But one day I decided that I wanted to ride again. I spend a lot of time taking care of the children and I finally gave myself permission to do something that I like to do just because I wanted to. The lovely thing about children getting older is that some flexibility comes back into your daily life. After making that decision, I realized that I could have my cake and eat it to - not only would I ride, but the children would ride, too.
We haven't done any sports with the children because of my own laziness. I don't like running around taking children to activities, and there haven't been that many opportunities anyway. I briefly considered ballet in Baku until I realized that it would take three hours every week. We tried to start karate in Dushanbe with a teacher who would come to our house, but I couldn't get the teacher to ever call me back. So my children haven't done any sports, and they really haven't asked to do them either.
I had hired a Russian teacher around the time the car got registered and during our first lesson I had her call the stable. Our teacher, Elmira, had been recommended by a friend who also mentioned that Elmira had helped her out with getting things arranged for a birthday party.
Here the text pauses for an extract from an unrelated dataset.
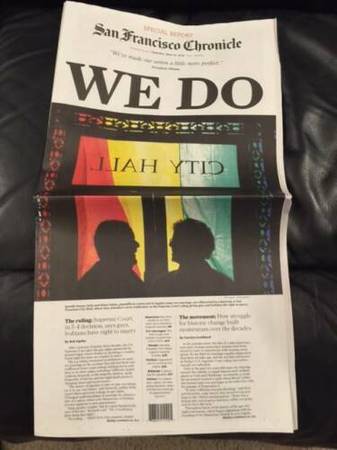 San Francisco Chronicle Same Sex Marriage Commemorative Newspaper 1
She was happy to help, and by the end of the session we had lessons set up for that Friday.
Friday morning we all put on our brand-new matching riding tights, matching paddock boots, and matching helmets. Elmira showed up at 8:15 to come to the stable with us and act as interpreter, and we headed over. Thankfully it's only three miles from our house, because Tashkent is a big city and it could have been a quite a lot further.
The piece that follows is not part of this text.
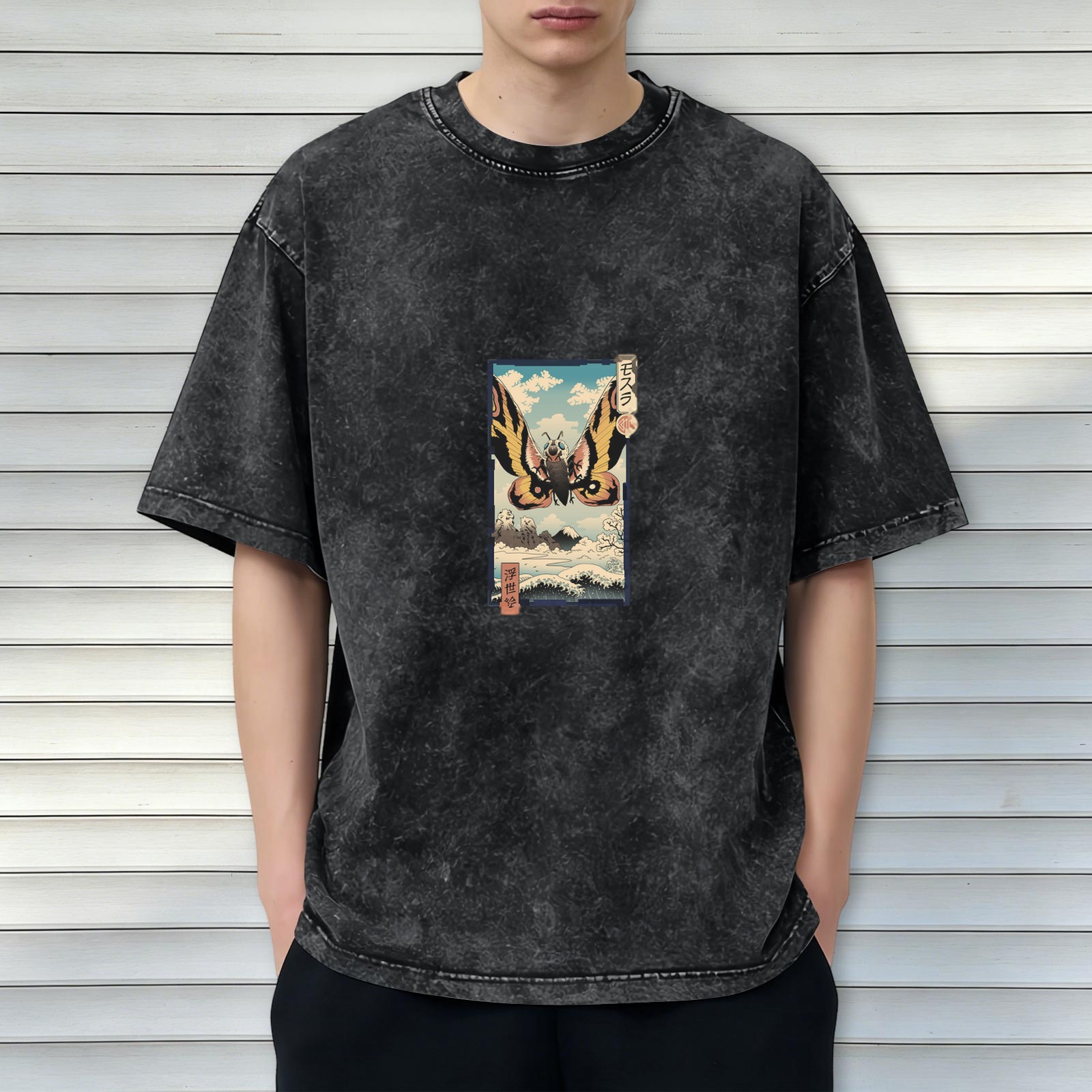 Vintage Washed Black T-Shirt with Japanese Ukiyo-e Style Moth Print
We showed up, waited around a bit, and then the children got to mount up. I missed half the lessons because I was busy filling out forms, paying money, and making sure I understood the payment system, lesson scheduling, and how to change lessons if we were going to be out of town. Every place has their own system, and every country their own way of setting up systems, and what might make sense to you isn't necessarily what makes sense to someone else. Add in the translating from Russian to English and back again and it took quite a while. I was very glad to have Elmira's help; I'm pretty sure it would have been a disaster mess if I had tried to do it on my own.
Meanwhile the children were learning how to mount, sit, use the reins, and do exercises on the back of their horses. Thankfully there was a girl who could speak English to translate some of the directions, and miming accomplished the rest. At the end of the lesson, almost everyone pronounced it fun, and Edwin, as usual, pronounced it horrible.
We finished the morning with my own lesson, which reminded me that I never was a great rider and twenty years absence hasn't made me any better. But I'm old enough that I (mostly) don't care whether or not I look fantastic and I just enjoy doing it even if I'm pretty lousy. I was able to remember how to post and canter and I didn't fall off when I lost a stirrup, so I guess that's a good enough start for now. The good news it that I'll have lots of time to work on it!